“The first game you got in on this court right here and played like a bum, you was a bum.” – Richard ‘Pee-Wee’ Kirkland, from NBATV’s The Doctor
From its humble beginnings as a playground for New York City’s P.S. 156, Holcombe Rucker Park has become the singular epicenter of layman basketball, particularly streetball and its derivatives, as well as a proving ground for rising stars and established legends alike. Located at the corner of 155th St. and 3rd Ave. in East Harlem, Rucker Park grew from one man’s vision of getting kids off the streets when it was opened on February 23, 1956. When Holcombe Rucker established a basketball league for the neighborhood children when he worked as a playground director in the Parks & Recreation Department for the city, he could not have anticipated the symbolism which the park attached to it would eventually carry. Perhaps no single place on earth is more closely identified with a sport than Rucker Park is with basketball, and for good reason. The people there are more passionate about basketball than most political revolutionaries, and without the unnecessary violence. Mostly.

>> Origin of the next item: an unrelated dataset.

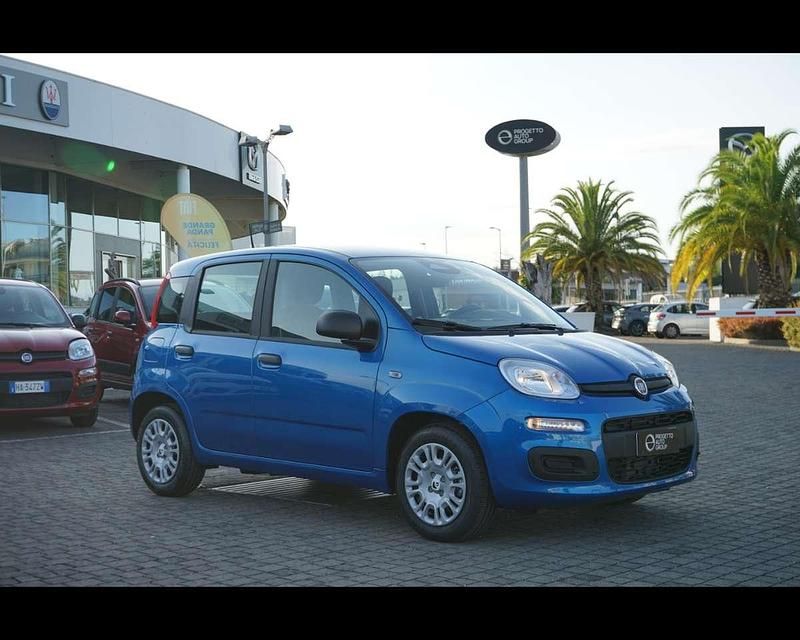Nuova Fiat Panda 70 CV (51 kW) 2025 756 Utilitaria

Rucker Park breeds the kinds of tall tales and blacktop fables people hear about from the first time they pick up basketballs. Dr. J isn’t Dr. J without his legendary antics at the Rucker. Everyone wants to go to Harlem, show up the local boys and have people screaming from the surrounding rooftops at a barrage of showstopping slam dunks and pull-up jumpers from half-court. While anyone can theoretically play on the hallowed ground, only the chosen few step up to showcase their skills. Failure at the Rucker is never an option, and excessive style in crossovers and finishing at the basket allows players to graduate from the Rucker magna cum laude.
When I was afforded the opportunity to go to the holy land for a set of two Entertainer’s Basketball Classic games one night in August, I could not refuse. Via Twitter, the all-powerful communicator of truths, lies, rumors and everything in between, I had seen that the night would potentially be something special. Very early rumblings indicated that Kevin Durant, who had famously put up 66 points in his last appearance at the Rucker, may be in attendance with his former Oklahoma City Thunder running mate James Harden. It would be an injustice to myself and to my love of the game of basketball. I rounded up one of my friends, Connor, and headed for the D train, which would drop us off right across the street from the most famous park in basketball.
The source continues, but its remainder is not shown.